Wednesday, July 02, 2008

Why Every Self-Respecting What? Is a What?

Few contemporary writers have generated as many books as John MacArthur. With more than 26 commentaries, 43 books, and over a dozen study guides released under his name, the productive pastor of the Grace Community Church (Sun Valley, CA) has impacted today’s evangelicalism in many and varied ways. But, for many pastors, a highlight of the MacArthur ministry is the annual “Shepherd’s Conference,” held at the church. Last year, however, brought a surprise, as MacArthur variously delighted and outraged his standing room only audience of clergy. The topic? "Why Every Self-Respecting Calvinist is a Premillennialist."

The logic of the message was clear. Calvinists believe in the sovereignty of an electing God who acts monergistically. What eschatology better reflects the genius of such unilateral divine action than the one that is built on unconditional promises made to Abraham and to his descendents? In other words, what MacArthur was saying was that “every self-respecting Calvinist” should be a “premillennialist.”

But, here Dr. MacArthur uncharacteristically minced his words. For the oldest version of the view that Jesus would come to inaugurate a millennial rule on earth, the so-called “historic premillennialism,” has much in common with the other types of second coming schema popular in Christianity for the last two thousand years.
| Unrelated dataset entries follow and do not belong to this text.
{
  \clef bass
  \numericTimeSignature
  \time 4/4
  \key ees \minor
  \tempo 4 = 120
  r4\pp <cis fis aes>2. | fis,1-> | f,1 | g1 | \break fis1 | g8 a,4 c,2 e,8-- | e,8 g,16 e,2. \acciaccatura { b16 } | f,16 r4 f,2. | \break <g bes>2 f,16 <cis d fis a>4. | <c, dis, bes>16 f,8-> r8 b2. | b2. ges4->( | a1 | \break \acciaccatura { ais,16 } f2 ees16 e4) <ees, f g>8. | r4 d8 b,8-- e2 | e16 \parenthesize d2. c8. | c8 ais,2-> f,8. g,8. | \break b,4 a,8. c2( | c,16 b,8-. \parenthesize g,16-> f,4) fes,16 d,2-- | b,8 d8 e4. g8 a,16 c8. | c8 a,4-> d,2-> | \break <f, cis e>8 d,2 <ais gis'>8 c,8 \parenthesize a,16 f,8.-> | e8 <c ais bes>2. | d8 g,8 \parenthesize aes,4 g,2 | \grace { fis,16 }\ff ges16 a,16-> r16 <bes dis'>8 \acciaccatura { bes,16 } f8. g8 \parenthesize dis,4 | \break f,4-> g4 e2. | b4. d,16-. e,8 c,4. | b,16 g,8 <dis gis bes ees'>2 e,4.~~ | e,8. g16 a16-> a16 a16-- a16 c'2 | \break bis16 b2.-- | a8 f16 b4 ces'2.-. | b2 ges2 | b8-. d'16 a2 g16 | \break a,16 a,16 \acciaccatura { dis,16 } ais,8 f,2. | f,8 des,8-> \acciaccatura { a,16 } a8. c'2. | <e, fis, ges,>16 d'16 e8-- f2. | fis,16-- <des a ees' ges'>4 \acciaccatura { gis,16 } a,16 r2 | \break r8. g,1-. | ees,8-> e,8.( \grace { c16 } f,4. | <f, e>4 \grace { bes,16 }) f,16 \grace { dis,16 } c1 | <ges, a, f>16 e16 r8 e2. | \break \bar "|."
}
The historic premillennialist does not build a doctrine of last things upon a distinction between Israel and the Church, but upon the interpretation of a few verses in Revelation 20. Rather, it is only the dispensationalist type of premillennialism, with its unyielding differentiation between Israel and the Church that MacArthur thinks should be the position of every “self-respecting Calvinist.
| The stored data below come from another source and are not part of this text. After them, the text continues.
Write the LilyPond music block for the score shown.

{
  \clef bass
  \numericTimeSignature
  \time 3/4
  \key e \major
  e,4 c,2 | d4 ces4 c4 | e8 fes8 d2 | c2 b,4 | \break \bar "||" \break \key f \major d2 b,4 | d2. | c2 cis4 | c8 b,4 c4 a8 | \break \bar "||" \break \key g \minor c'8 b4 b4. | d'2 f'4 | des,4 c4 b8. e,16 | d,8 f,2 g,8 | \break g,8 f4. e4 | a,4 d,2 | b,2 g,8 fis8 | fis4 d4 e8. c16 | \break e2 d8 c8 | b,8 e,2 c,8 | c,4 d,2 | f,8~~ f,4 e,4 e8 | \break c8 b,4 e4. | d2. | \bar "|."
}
Now a card-carrying Calvinist, DR. SAM WALDRON, one of the pastors of the Heritage Baptist Church of Ownesboro, Kentucky, and the Professor of Systematic Theology at the Midwest Center for Theological Studies, responds to MacArthur’s “manifesto” with a detailed analysis of the message. (MacArthur’s Millenial Manifesto: A Friendly Response, Sam Waldron, Reformed Baptist Academic Press (2008), 172 pages).

In one of the most irenic rebuttals ever penned, Waldron shows continual respect for MacArthur and his ministry and tackles his topic with great gentleness but systematically dismantles the logic of the much talked about Shepherd’s Conference address that is actually printed as an appendix to the book.
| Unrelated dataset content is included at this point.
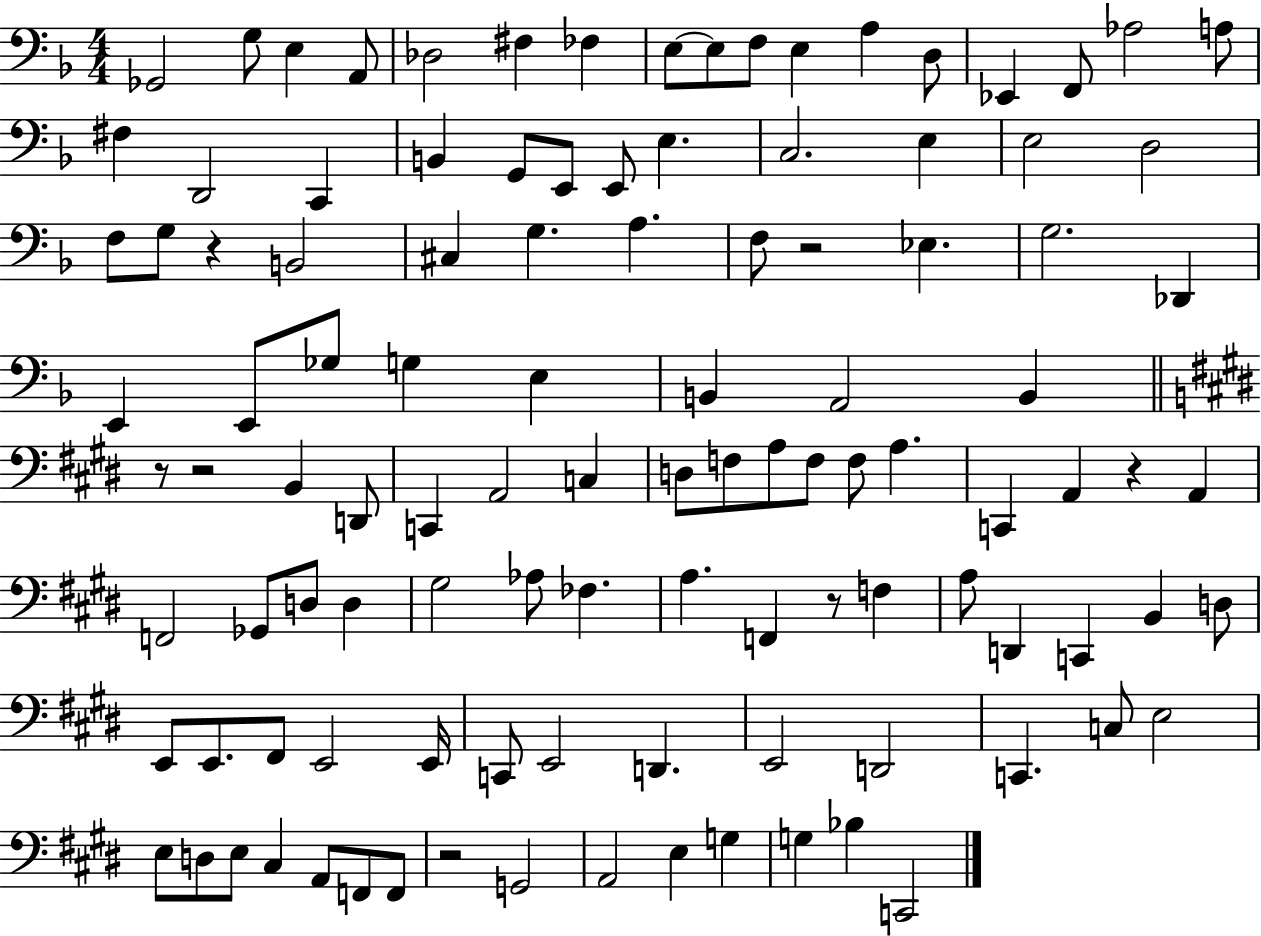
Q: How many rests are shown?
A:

If there were ever a book showing what contemporary amillennialists (those who contend that Jesus will return in a singular way at the end of the age to resurrect the dead, to judge the world, and to usher in the new heavens and the new earth) actually believe, this would be it.
Waldron carefully sweeps away the accumulated misunderstandings, mischaracterizations of the position by opponents, and mean-spirited polemics. Relying upon a command of the Bible, hermeneutics, and two millennia of Christian theology, Waldron writes with simple clarity in some of the shortest chapters in memory. He details why he thinks that MacArthur's dispensational eschatology does not tally best with the teaching of the Bible. The cumulative impact is to make any honest premillennialist want to become, if not an amillennarian, at least a more careful teacher on the subject of the return of Christ.